Happy hot Friday, reader, and welcome to a nice chilled column of trivial charity news, fresh from Society Diary’s fridge.
As Lenin once said, there are decades when nothing happens and there are weeks where decades happen. Then there are weeks like this one in which something big happens but everyone is too sweaty to care that much.
Diary thinks England’s World Cup team cares though. When Kane skied it against Ghana it looked like he was lashing out in protest at the early demise of Sir Keir’s premiership. Either that, or the witch doctor curse was real.
Scotland’s players also failed to cover themselves in glory against Brazil and now risk crashing out of the tournament. But the country has redeemed itself by producing some elite-level charity World Cup content.
John McPenguin
Cast your minds back to the start of this year’s World Cup and you may remember Scottish fans getting very excited about their national side thrashing footballing giants Haiti one-nil.
To be fair, John McGinn’s strike was the country’s first goal at the tournament in 28 years.
In tribute, the Royal Zoological Society of Scotland named a new member of Edinburgh Zoo’s penguin colony after the midfielder.
Zoo keeper Alison MacLean: “We noticed one of our gentoo penguin chicks has a strong left flipper and knew we had to name them after the man himself.
“While our McGinn won’t be scoring goals anytime soon, we hope visitors will enjoy seeing the curious chick grow up. Who knows, they might just get a call from Steve Clarke for the 2030 squad.”
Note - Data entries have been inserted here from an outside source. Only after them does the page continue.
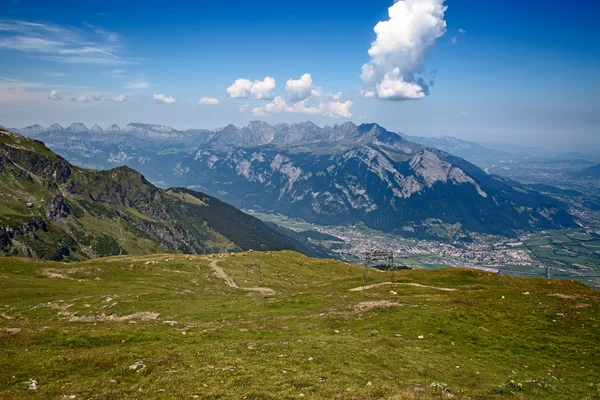 Πεζοπορία στις Άλπεις της Ελβετίας — Φωτογραφία Αρχείου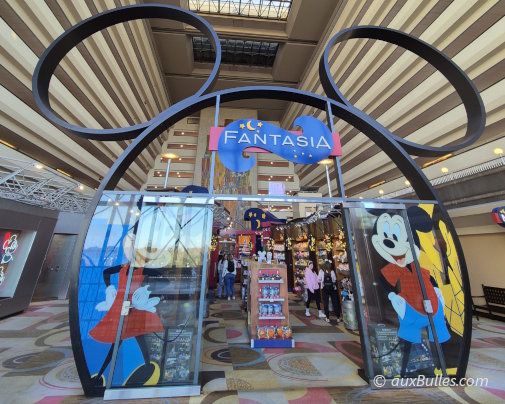 La boutique de souvenirs Disney dans le hall cathédral du Disney's Contemporary Resort La boutique de souvenirs Disney dans le hall cathédral du Disney's Contemporary Resort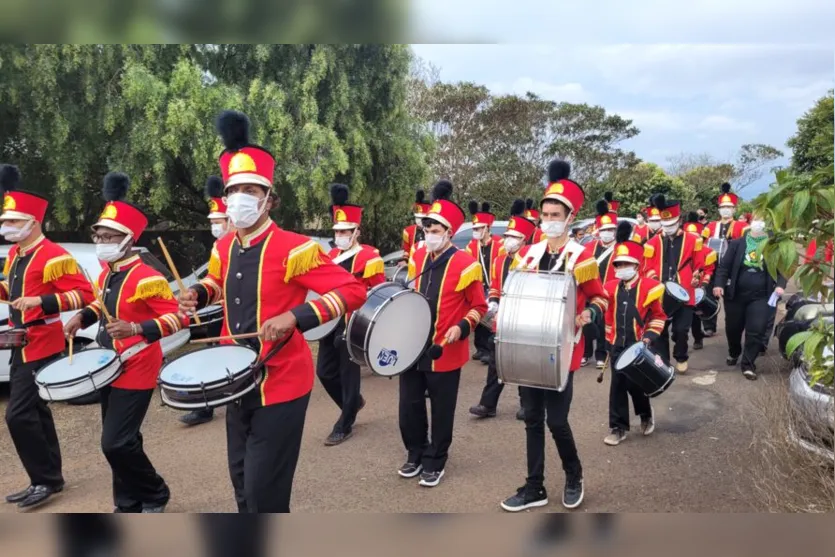 Alunos da Apae de Apucarana protagonizam desfile cívico; assista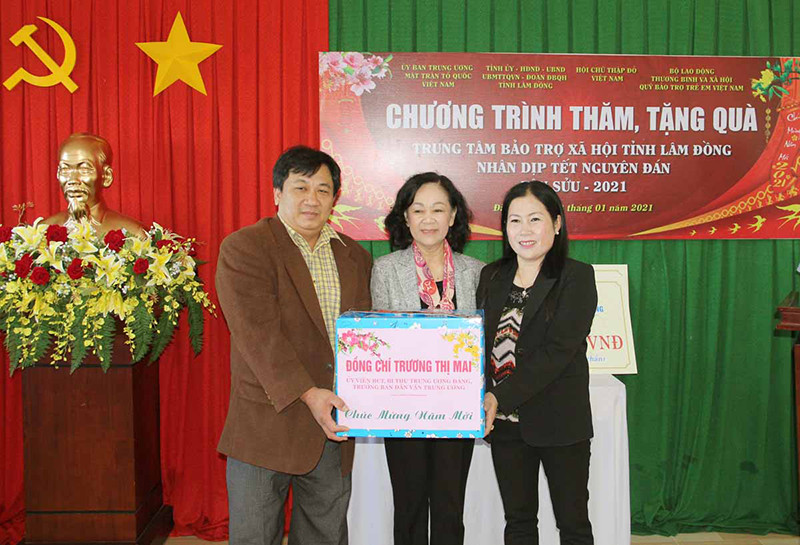 Đồng chí Trương Thị Mai trao tặng quà Tết tại Trung tâm Bảo trợ xã hội tỉnh Lâm Đồng. Đồng chí Trương Thị Mai tin tưởng Lạc Dương sớm trở thành huyện khá của tỉnh Lâm Đồng -0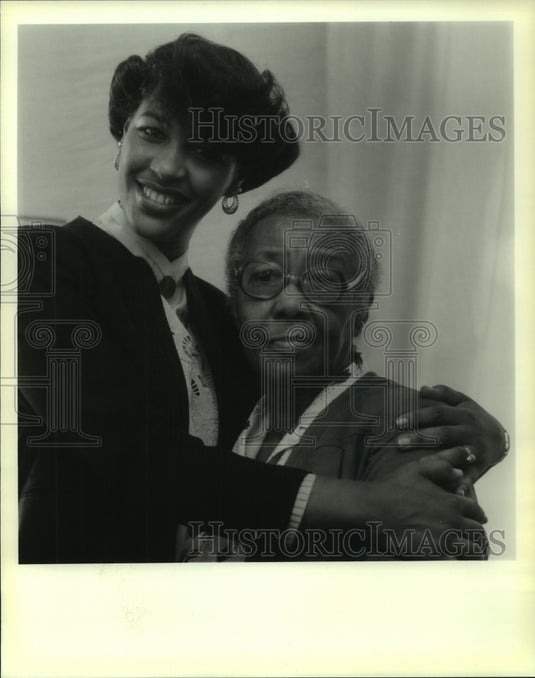 1989 Press Photo Gretna City Clerk Azalea Edwards & grandmother Lillian Keller - Historic Images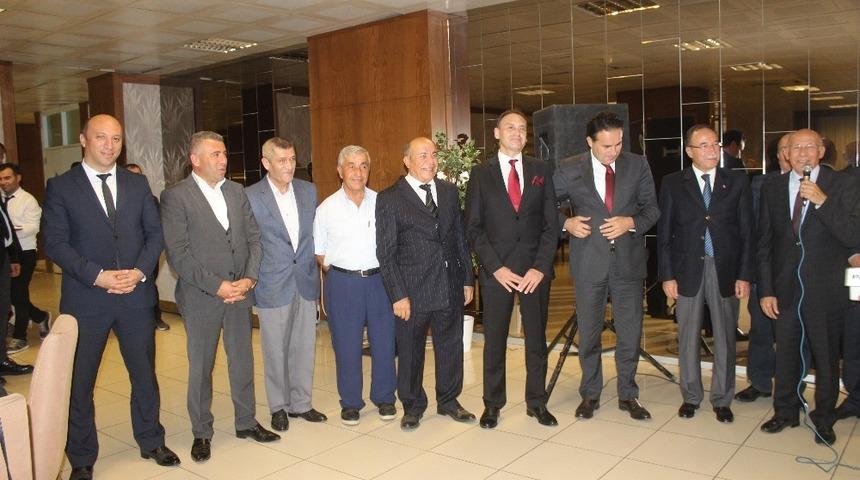 Her ayın 19&rsquo;unda, saat 19.19&rsquo;da, 19 TL&rsquo;lik yemek men&uuml;s&uuml; ile bir araya geliyorlar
Diary’s not sure what FIFA’s rules are on flightless birds participating but the slippery characters could prove difficult to man mark.
Jumpers for goalposts
Meanwhile, David Houston, a Scot and CEO of Brian House Children’s Hospice, has released a World Cup song called Funny How Scotland Won Every World Cup (When We Were Young).
It is a nostalgic ditty about being a football fan as a youngster in the days of Subbuteo, sticker albums, kick abouts with tennis balls and Archie Gemmill.
Diary has been playing the song all week and can confirm that it slaps, bangs and is a bop as the kids say now.
The tongue-in-cheek title has confused Diary though. It must mean that although Scotland never actually won any silverware, its young fans felt like winners because of the joy and pride watching their side gave them. Which is the same as losing.
Nevertheless, it is enough to make Diary down a bottle of full-sugar Irn Bru, paint their face blue and white, catch the first flight to North America and enrol in the Tartan Army before the team exits the cup.
But wait, the song also contains a serious message about the financial struggles faced by children’s hospices, with money raised from its streams going to Blackpool-based Brian House and Children’s Hospices Across Scotland.
Extra time
In other World Cup charity-related news, PETA’s protestors painted their bodies in national flags and lined the streets of Mexico City to deliver the message: “Score for Animals, Go Vegan.”
Animal charity RSPCA warned “wannabee Pickfords” that football nets pose a threat to young wildlife.
The Church of England wrote a World Cup prayer, asking God for “compassion and perspective on the miskicks, missed penalties and muddled VARs”.
And Ed Sheeran is reportedly set to earn a few quid from Shakira and Burna Boy’s official World Cup song Dai Dai, which he co-wrote. Shakira is donating her proceeds to the Fifa Global Citizen Education Fund but the ginger English minstrel is supposedly keeping his share, so that’s nice for him.